Canterbury Festival - Singing Windows by Robert Jarvis
Tuesday 15 October until Sunday 3 November 2013
Singing Windows is a sound installation project for town centres, bringing together retailers, the general public and sound artist Robert Jarvis. Using Feonic audio technology, window fronts are able to function as loudspeakers capable of playing gentle sounds, affecting the street's atmosphere and enticing the unsuspecting general public.
The idea came to fruition in November 2012, as part of Canterbury Festival's Prosper initiative.
In The Garden Room you will be able to hear a special version of Singing Windows composed for Herne Bay’s Duchamp Festival.
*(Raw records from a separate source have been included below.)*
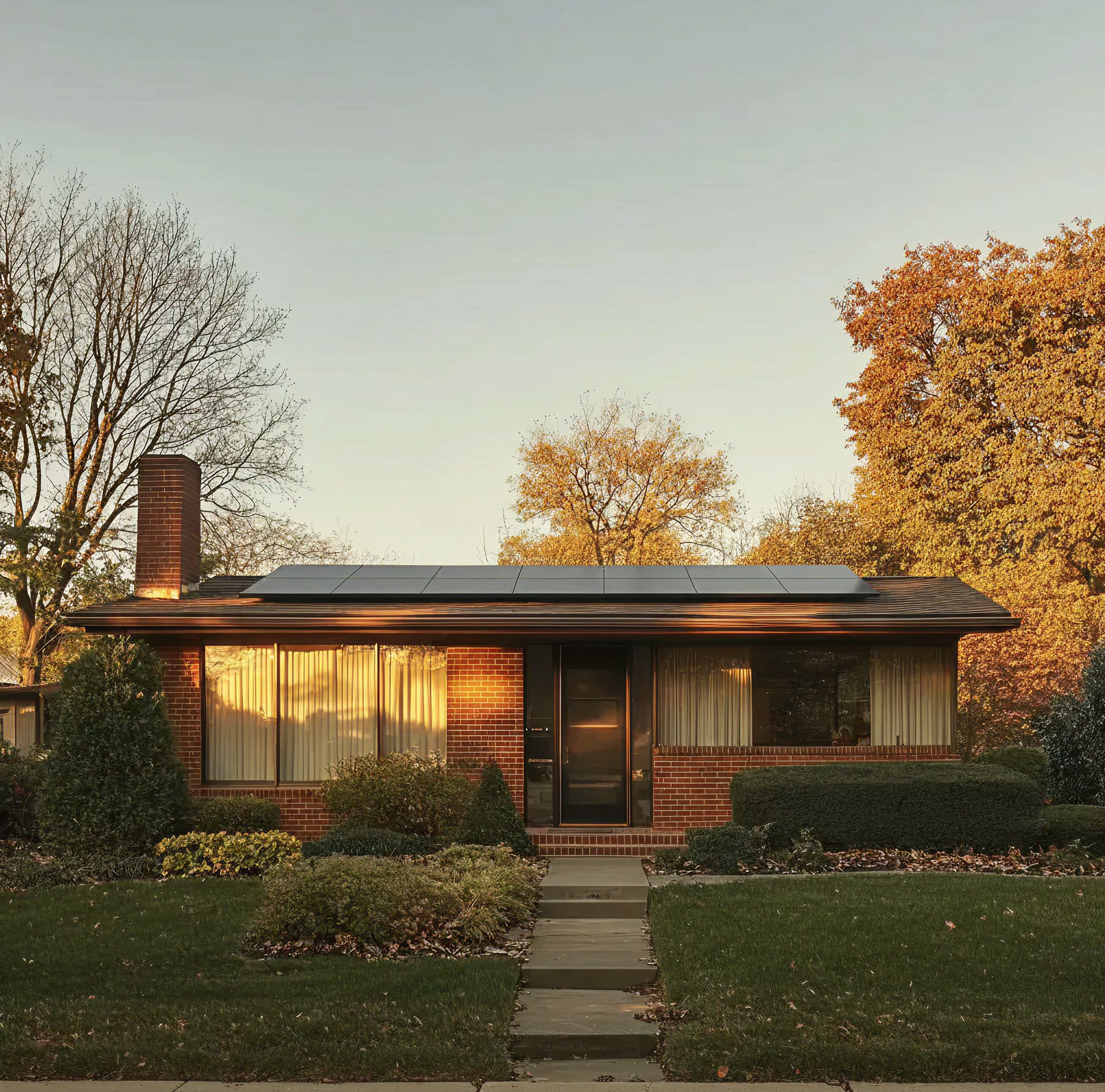 A family home at sunrise with solar panels on the roof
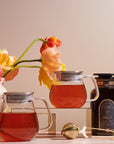 Two Kinto One Touch Teapots filled with organic tea are placed on a table, accompanied by a jar labeled "Magic Hour." A gold tea infuser and string lights lie in the foreground. In the background, there's a ceramic vase with colorful flowers and a soft, warm light illuminating the scene.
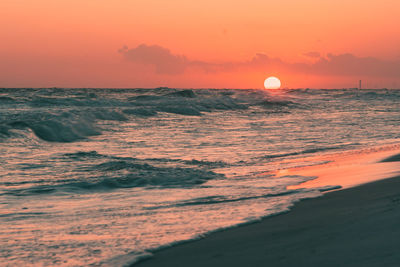 Scenic view of sea against sky during sunset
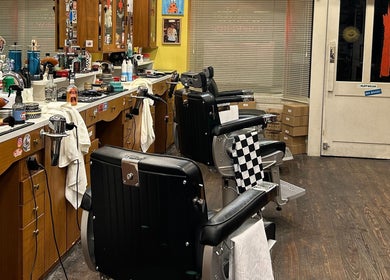 Inside The Outro Barbershop, 서울특별시, KR: vintage-style chairs, grooming tools, and cozy ambiance.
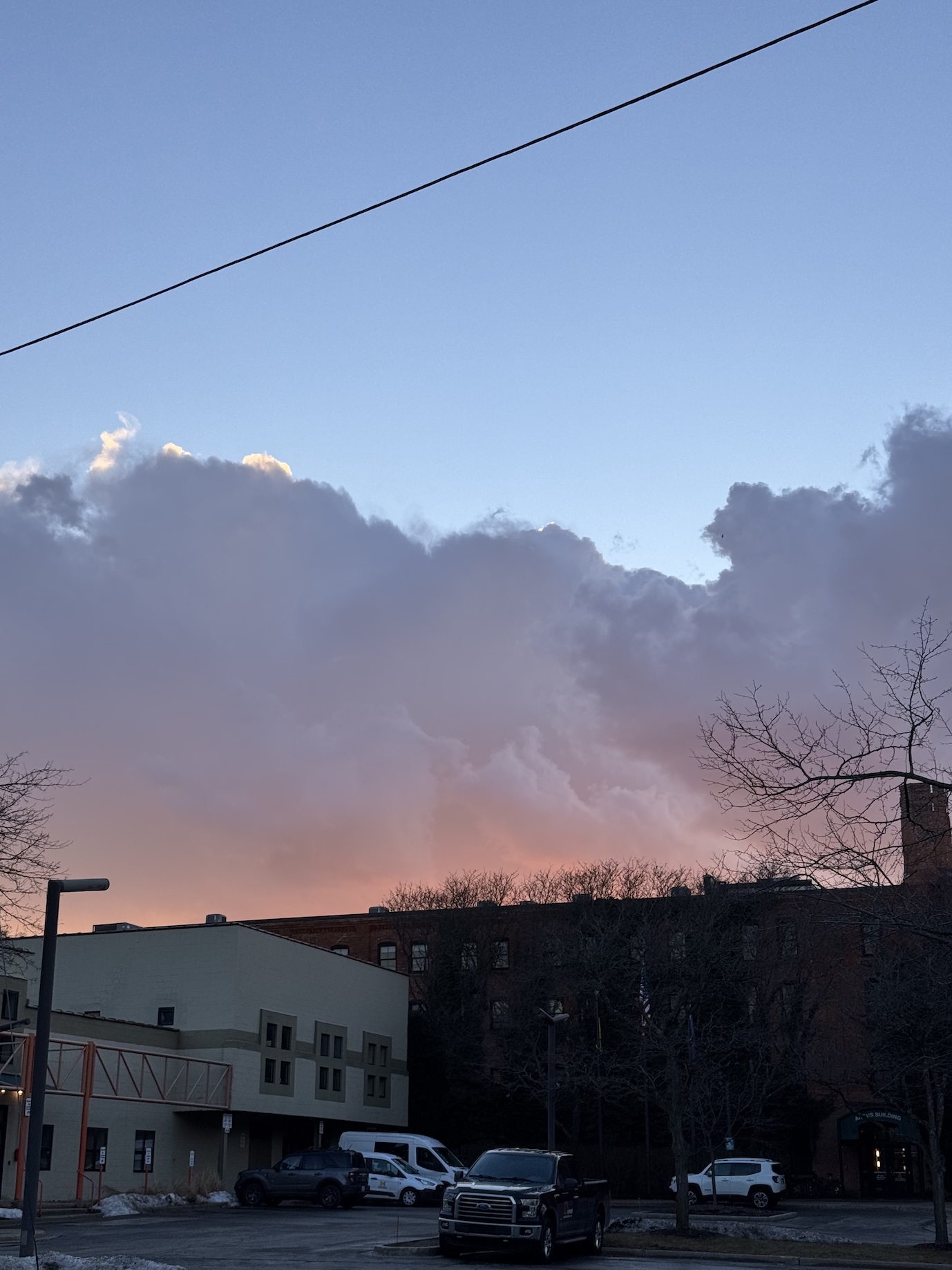 Large, pink & purple rain clouds in the sunset.
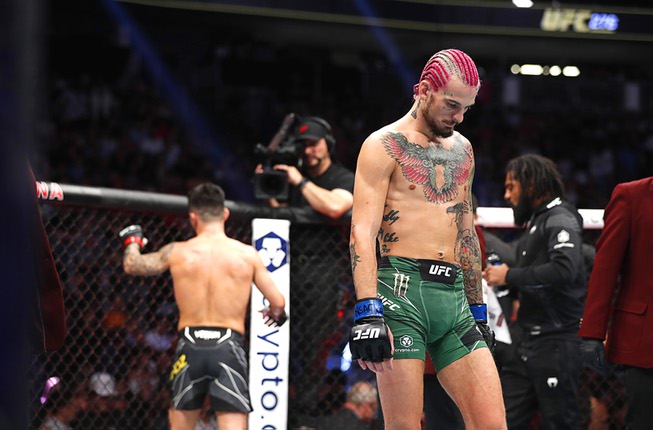 Bantamweight fighter Sean O’Malley, right, walks away from Pedro Munhoz after their bout ended in a “no contest” during UFC 276 at T-Mobile Arena Saturday July 2, 2022. The fight was stopped in the second round after Munoz was injured by an accidental eye poke.
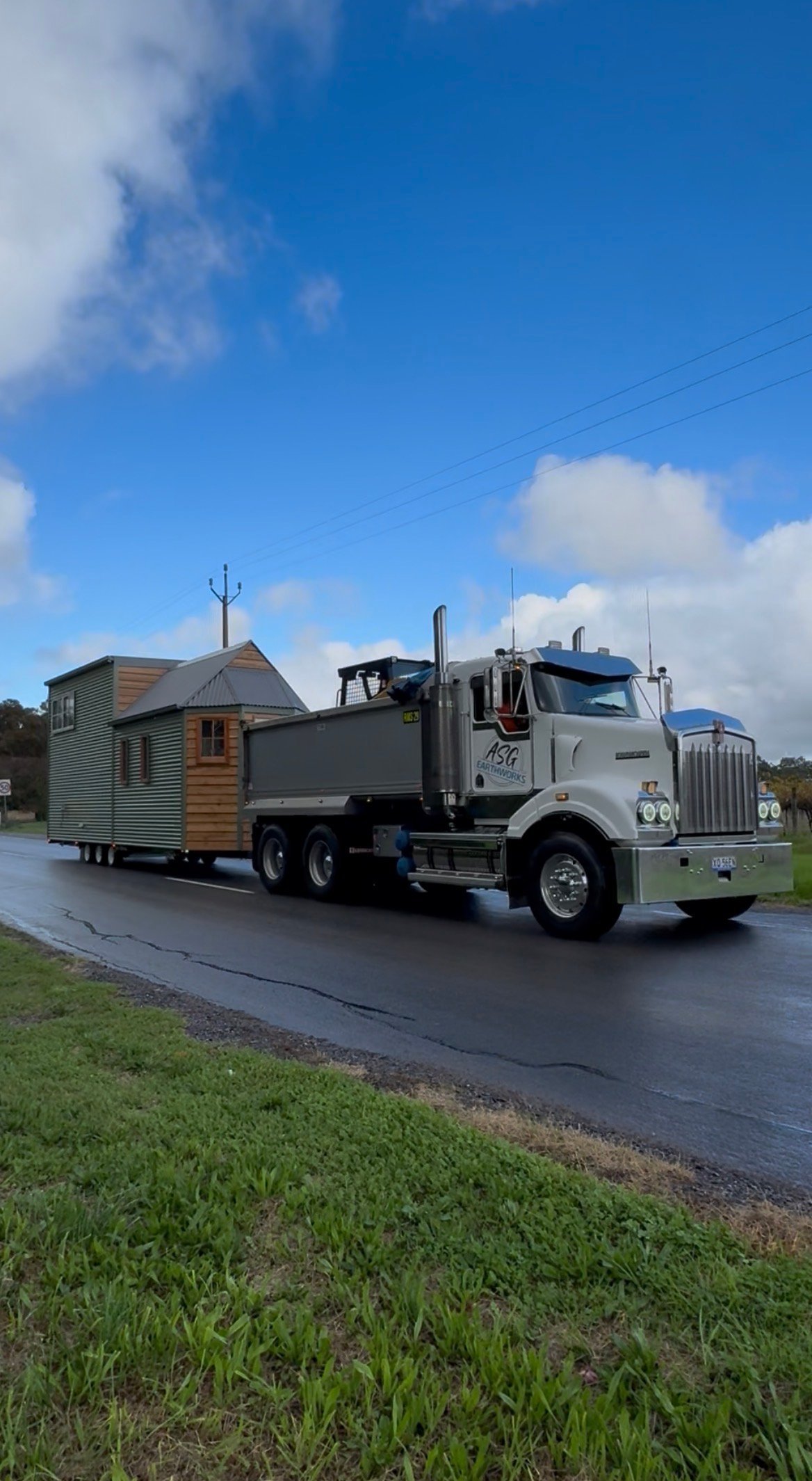 White semi-truck hauling a tiny house on a trailer down a wet paved road under blue sky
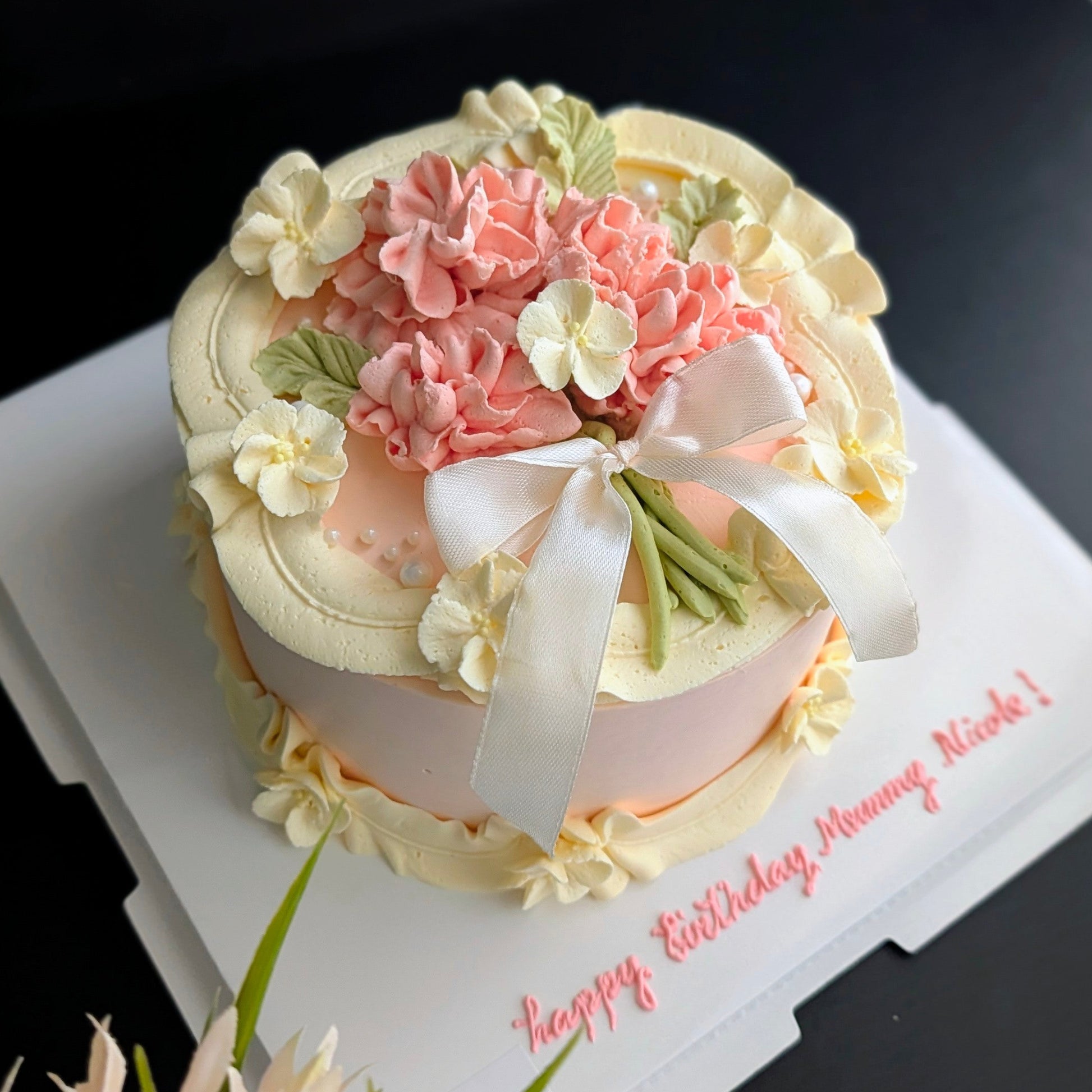 Round cake topped with hand-piped buttercream carnations, healthy low-calorie floral birthday cake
This version of the installation takes its inspiration from a musical composition conceived by Duchamp in 1913, where chance notes drawn from a hat determined the musical score. Originally the piece was a short vocal piece but then, later on that year, it was adapted for piano, retaining the same title of “Erratum Musical”.
The installation uses piano notes derived from chance procedure; however, on this occasion they are answered by the lyrical composed phrases of a nightingale – in a similar manner perhaps to the 1920s recordings of Beatrice Harrison who used to play her cello in her cottage garden whilst being accompanied by nightingale song. The installation juxtaposes these two audio ready-mades and a dialogue between the two sonic worlds ensues.
In The Colour & Camouflage gallery you will hear a recording of a male robin singing out to attract a potential mate.
Further information on Singing Windows can be found by visiting the website: www.singingwindows.com
Singing Windows is one of five ‘Prosper Adventures’, a Canterbury Festival initiative designed and produced by The Map Consortium and Workers of Art.